### Provided entries
..............................

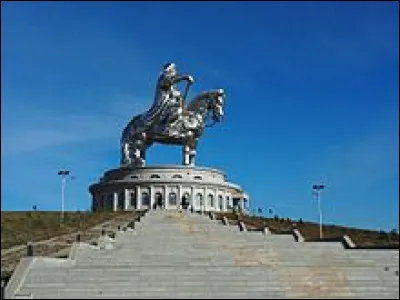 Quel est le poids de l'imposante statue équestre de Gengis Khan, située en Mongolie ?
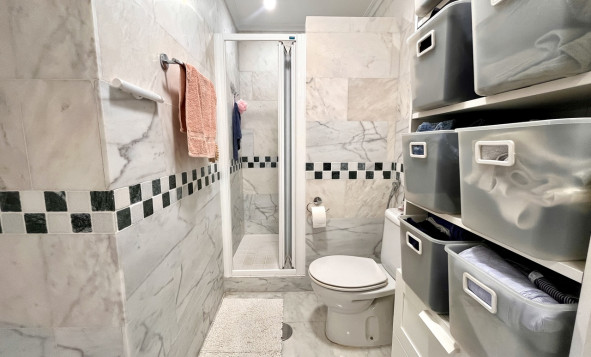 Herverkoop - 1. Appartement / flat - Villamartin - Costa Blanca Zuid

..............................

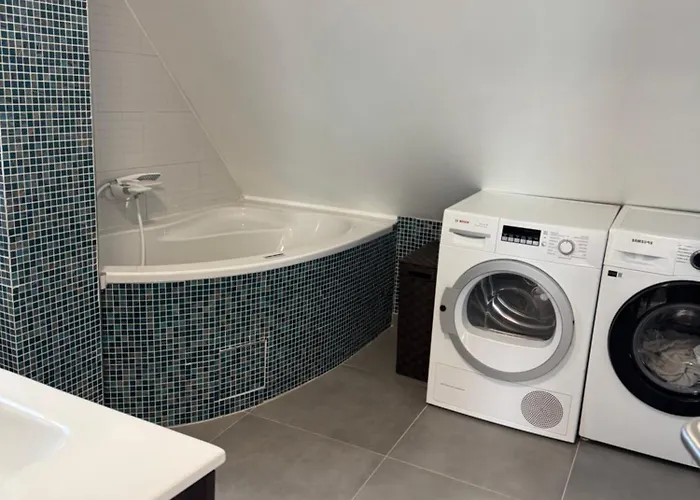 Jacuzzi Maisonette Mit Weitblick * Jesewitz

..............................

Of the lines above, quote exactly those from the one with "Quel est le" through the one with "Herverkoop - 1.", ends included; pictures stay out.

 Quel est le poids de l'imposante statue équestre de Gengis Khan, située en Mongolie ?
 Herverkoop - 1. Appartement / flat - Villamartin - Costa Blanca Zuid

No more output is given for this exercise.